# LS solver

*Advanced Econometrics 2016-2017. Case 1, least squares (LS) implementation.*

## Problem
Ordinary Least Squares (OLS) is a solution for a system of linear equations by minimizing the sum of squared differences between the observed values ($y$) and the corresponding modelled values ($\hat y = X \hat\beta$).

A system of equations is given by
$$ y_i = \beta_1 + \beta_2 X_{i2}  + \beta_3 X_{i3}  + ... + \beta_K X_{iK} + \mu_i,  \quad i=1,...,N$$

or in matrix notation
$$ y = X \beta + \mu$$

with $y, \mu \in \mathbb{R}^{N\times1}$, $X \in \mathbb{R}^{N\times K}$ and $\beta \in \mathbb{R}^{K\times 1}$.

The OLS solves
$$\operatorname{\,min} \, \big\|y - X \hat\beta \big\|^2$$
that with some algebra leads to the [normal equations](https://en.wikipedia.org/wiki/Normal_equations) 
$$ X' X\beta = X'y$$ 

## Solution

### Normal equations

In case of a [rank][1] complete matrix $X$ the normal equations can be solved by inverting the ([Gram](https://en.wikipedia.org/wiki/Gramian_matrix)) matrix $X'X$ such that $\hat\beta = (X'X)^{-1}Xy$.

As X'X is a symmetric, positive definite matrix it's computationally more efficient to use the cholesky decomposition of $X'X = LL'$ with $L$ a lower triangular matrix. This gives $LL'\hat\beta = X'y$. First solve $Lz = X'y$ for $z$ by [forward substitution](https://en.wikipedia.org/wiki/Forward_substitution) and then $L'\hat\beta = z$ for $\beta$ by backward substitution.

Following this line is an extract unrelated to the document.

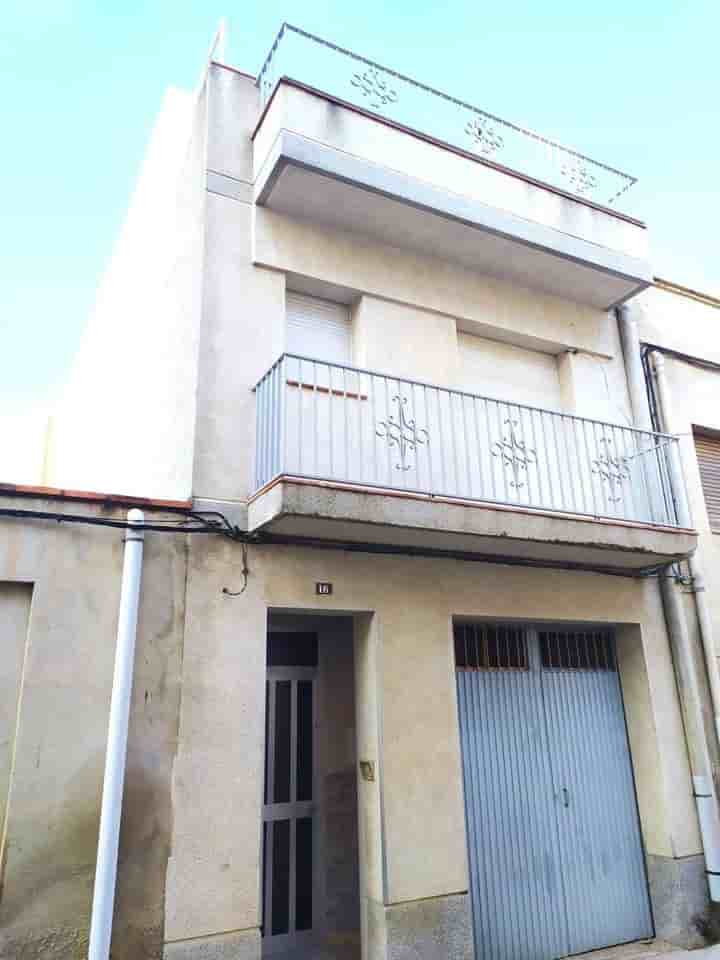 Apartamento para venda em El Perelló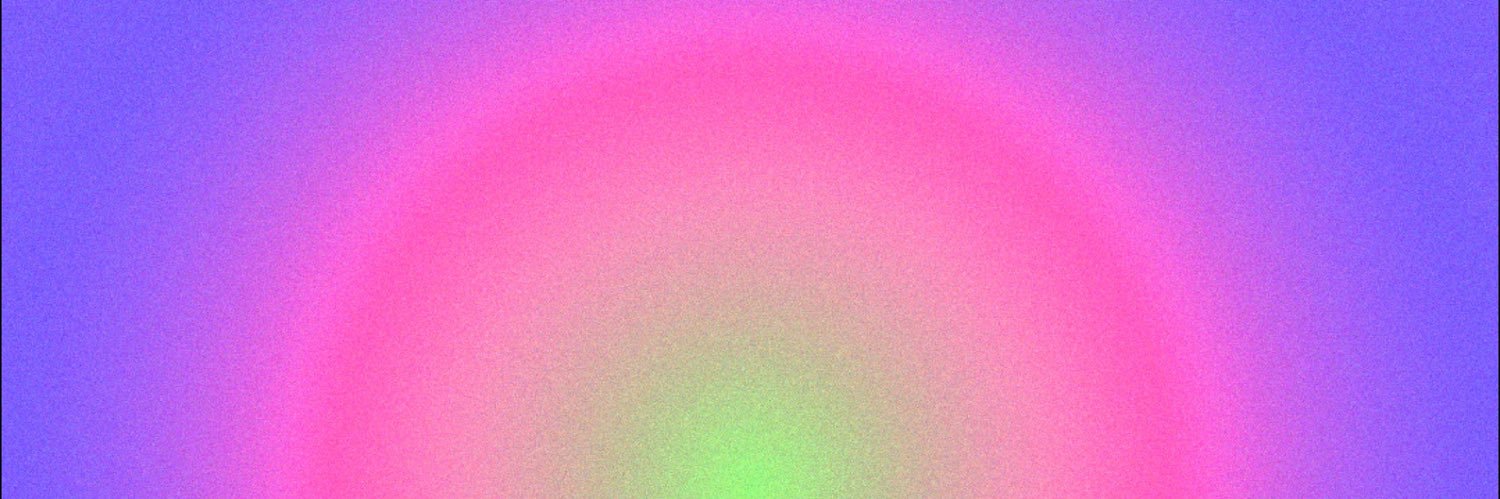 li_zzz_vc's profile banner image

However, solving the normal equations is numerically unstable, i.e. it is very sensitive to small pertubations in $X$. The [condition number](https://en.wikipedia.org/wiki/Condition_number) $\kappa$ of the system is worsened: $\kappa(X'X) = [\kappa(X)]^2$. We show the impact below.

[1]: https://en.wikipedia.org/wiki/Rank_(linear_algebra)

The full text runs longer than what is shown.